The input: Begin

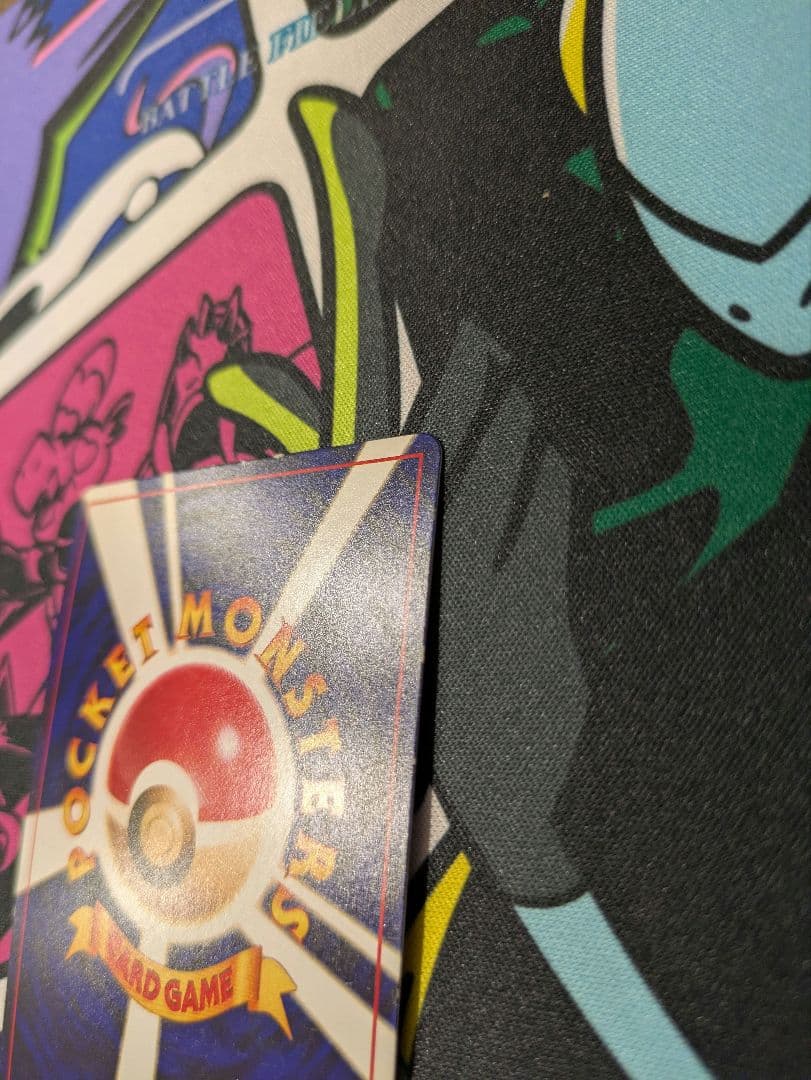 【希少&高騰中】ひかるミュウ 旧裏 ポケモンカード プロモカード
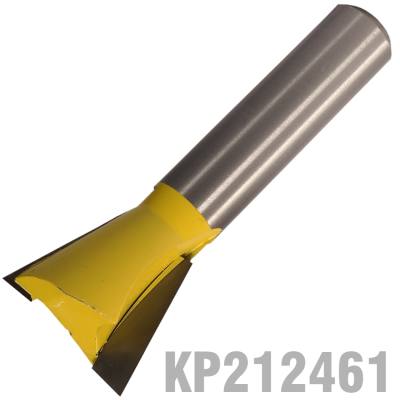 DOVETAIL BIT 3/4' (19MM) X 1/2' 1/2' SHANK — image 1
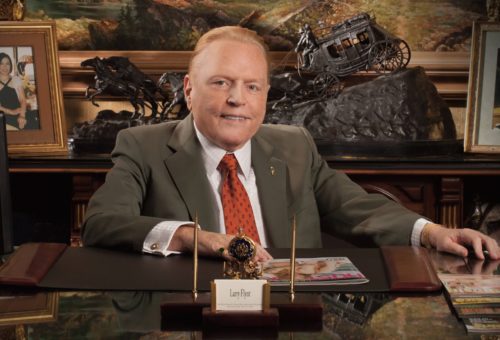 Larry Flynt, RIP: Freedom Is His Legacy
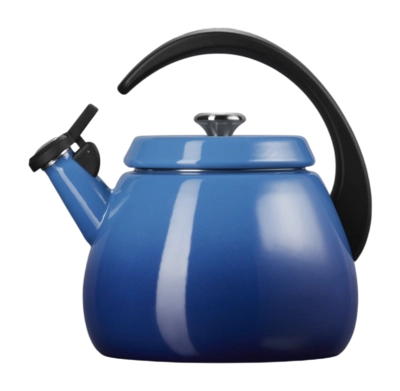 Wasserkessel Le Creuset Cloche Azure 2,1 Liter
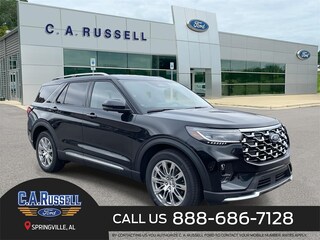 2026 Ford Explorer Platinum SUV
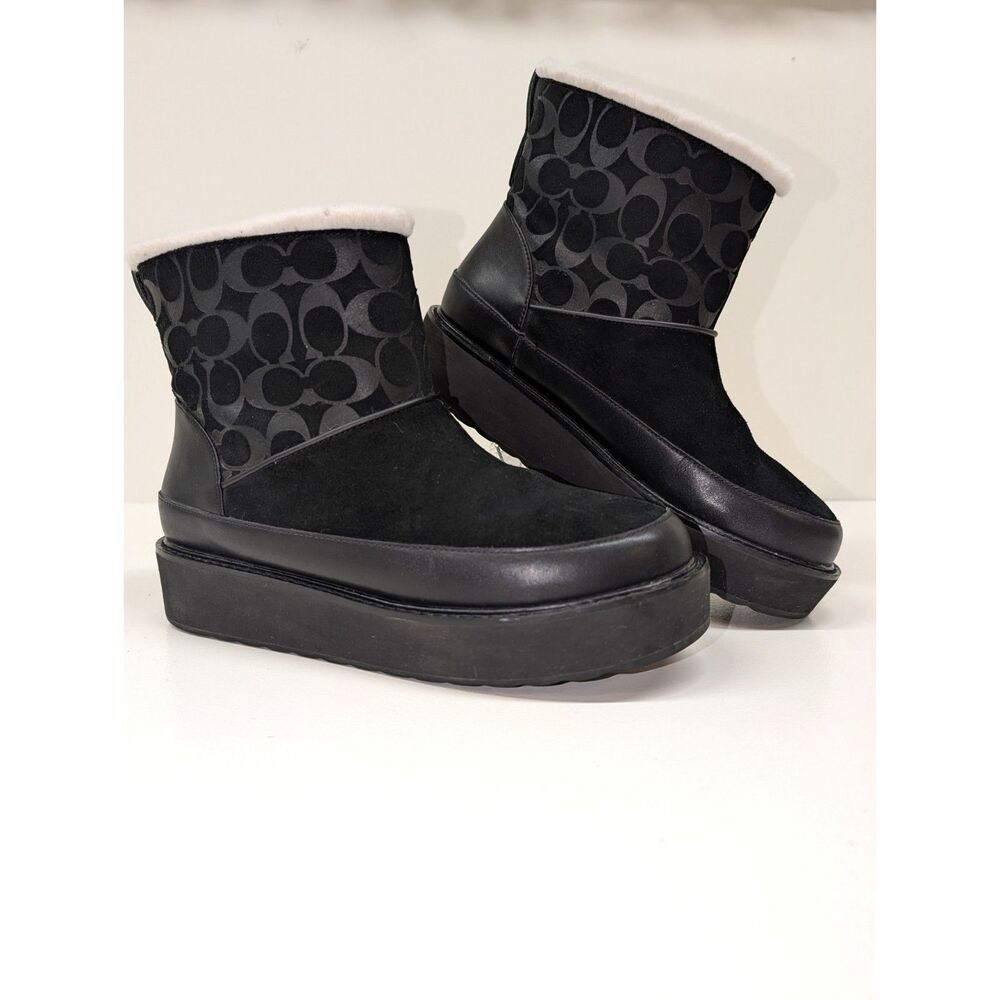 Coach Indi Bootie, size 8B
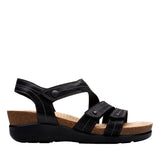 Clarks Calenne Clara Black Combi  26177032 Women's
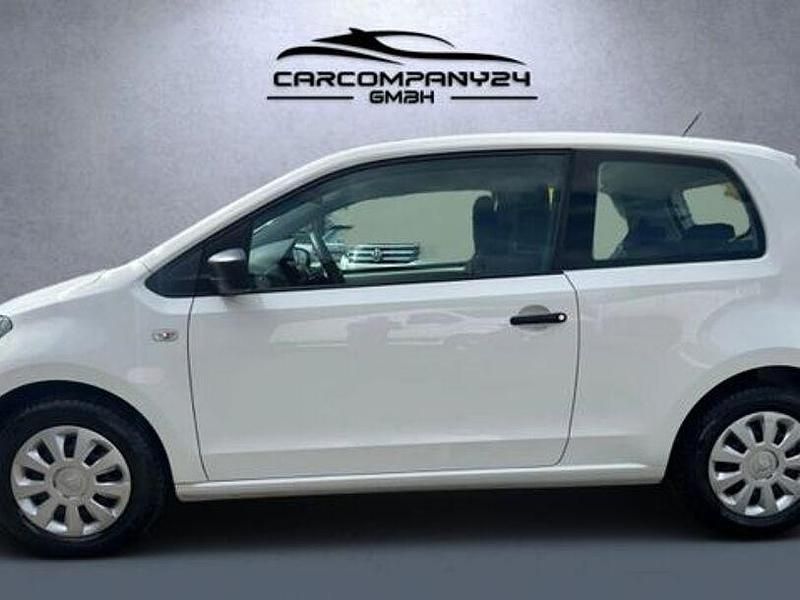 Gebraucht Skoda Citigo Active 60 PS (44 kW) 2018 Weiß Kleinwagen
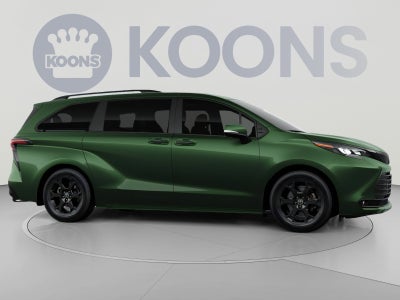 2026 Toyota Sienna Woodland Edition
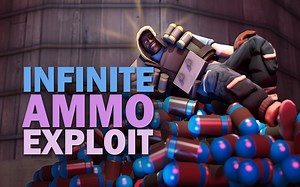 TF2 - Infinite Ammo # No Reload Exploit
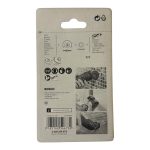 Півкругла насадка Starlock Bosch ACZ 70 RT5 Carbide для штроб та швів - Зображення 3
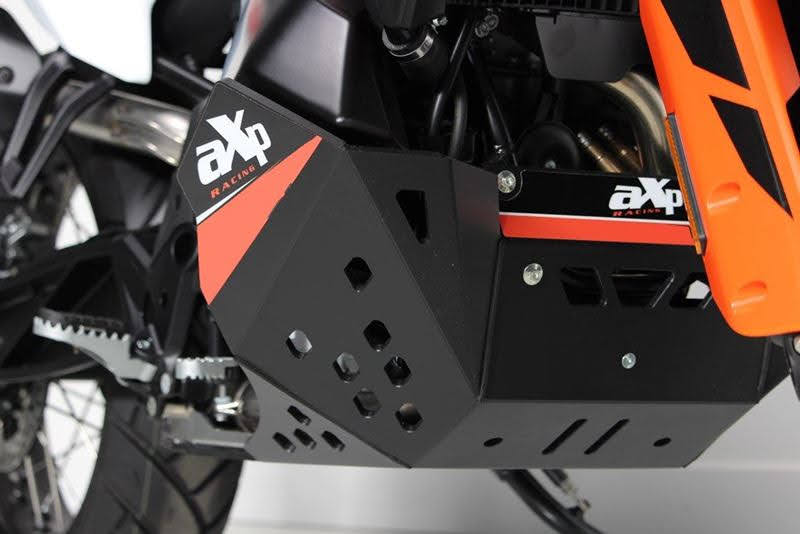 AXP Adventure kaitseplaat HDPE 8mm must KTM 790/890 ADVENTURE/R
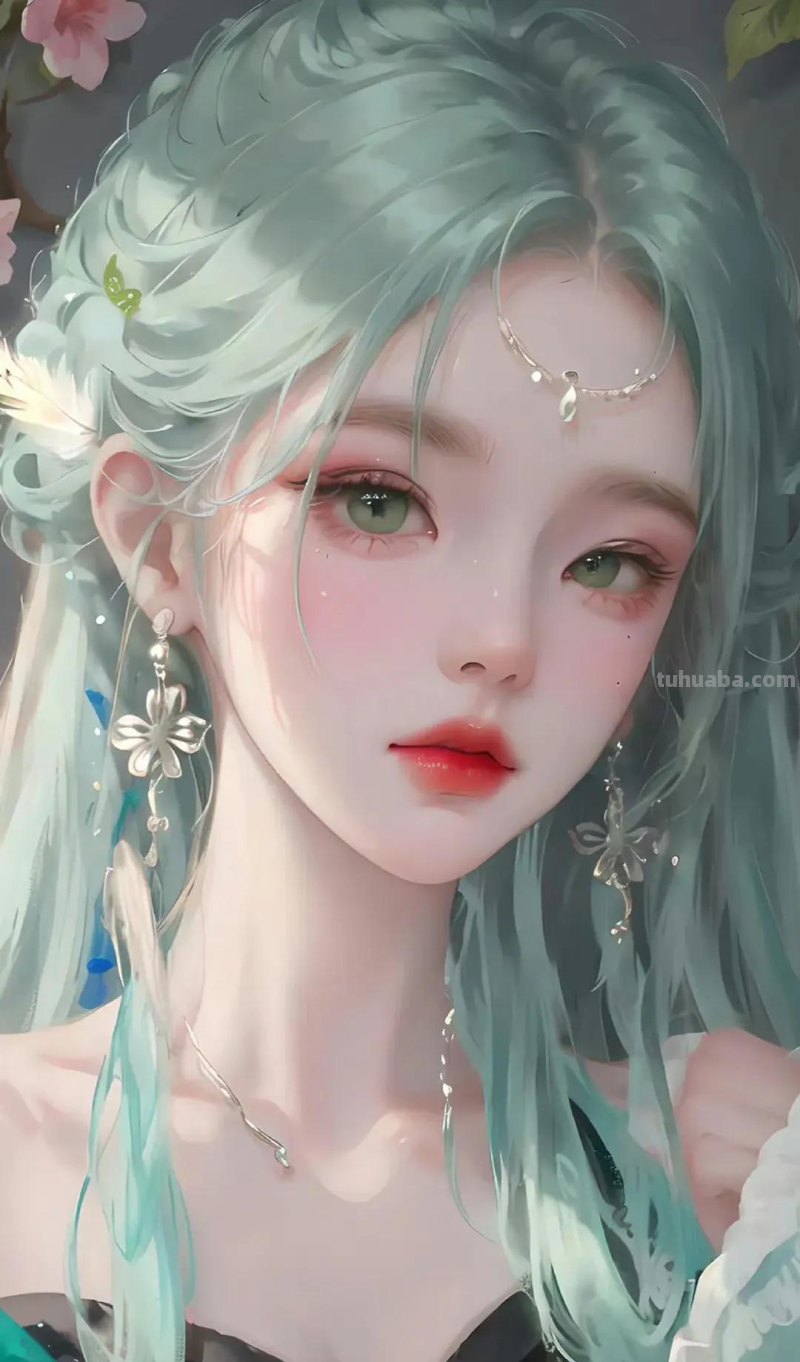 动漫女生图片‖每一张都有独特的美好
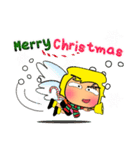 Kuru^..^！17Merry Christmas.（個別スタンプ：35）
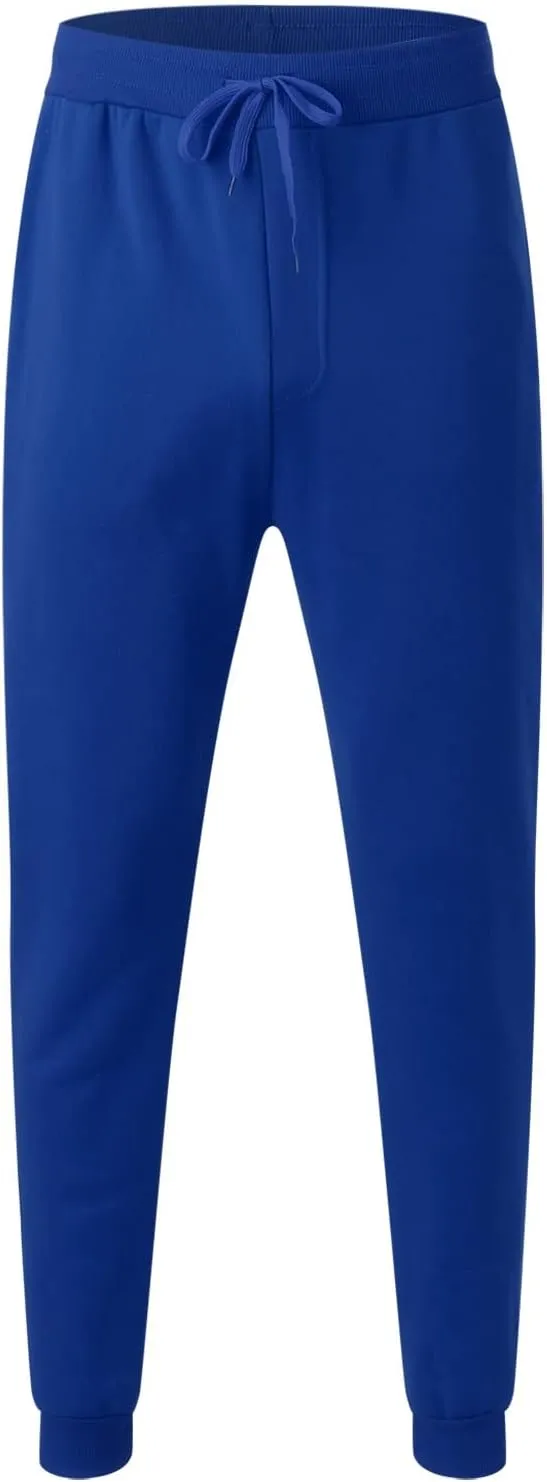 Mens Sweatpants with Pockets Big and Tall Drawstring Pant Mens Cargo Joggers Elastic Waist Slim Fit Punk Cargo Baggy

The input: End

:: Exercise ::
Give every entry again as it is, dropping its pictures.

:: Response for this exercise ::
 【希少&高騰中】ひかるミュウ 旧裏 ポケモンカード プロモカード
 DOVETAIL BIT 3/4' (19MM) X 1/2' 1/2' SHANK — image 1
 Larry Flynt, RIP: Freedom Is His Legacy
 Wasserkessel Le Creuset Cloche Azure 2,1 Liter
 2026 Ford Explorer Platinum SUV
 Coach Indi Bootie, size 8B
 Clarks Calenne Clara Black Combi  26177032 Women's
 Gebraucht Skoda Citigo Active 60 PS (44 kW) 2018 Weiß Kleinwagen
 2026 Toyota Sienna Woodland Edition
 TF2 - Infinite Ammo # No Reload Exploit
 Півкругла насадка Starlock Bosch ACZ 70 RT5 Carbide для штроб та швів - Зображення 3
 AXP Adventure kaitseplaat HDPE 8mm must KTM 790/890 ADVENTURE/R
 动漫女生图片‖每一张都有独特的美好
 Kuru^..^！17Merry Christmas.（個別スタンプ：35）
 Mens Sweatpants with Pockets Big and Tall Drawstring Pant Mens Cargo Joggers Elastic Waist Slim Fit Punk Cargo Baggy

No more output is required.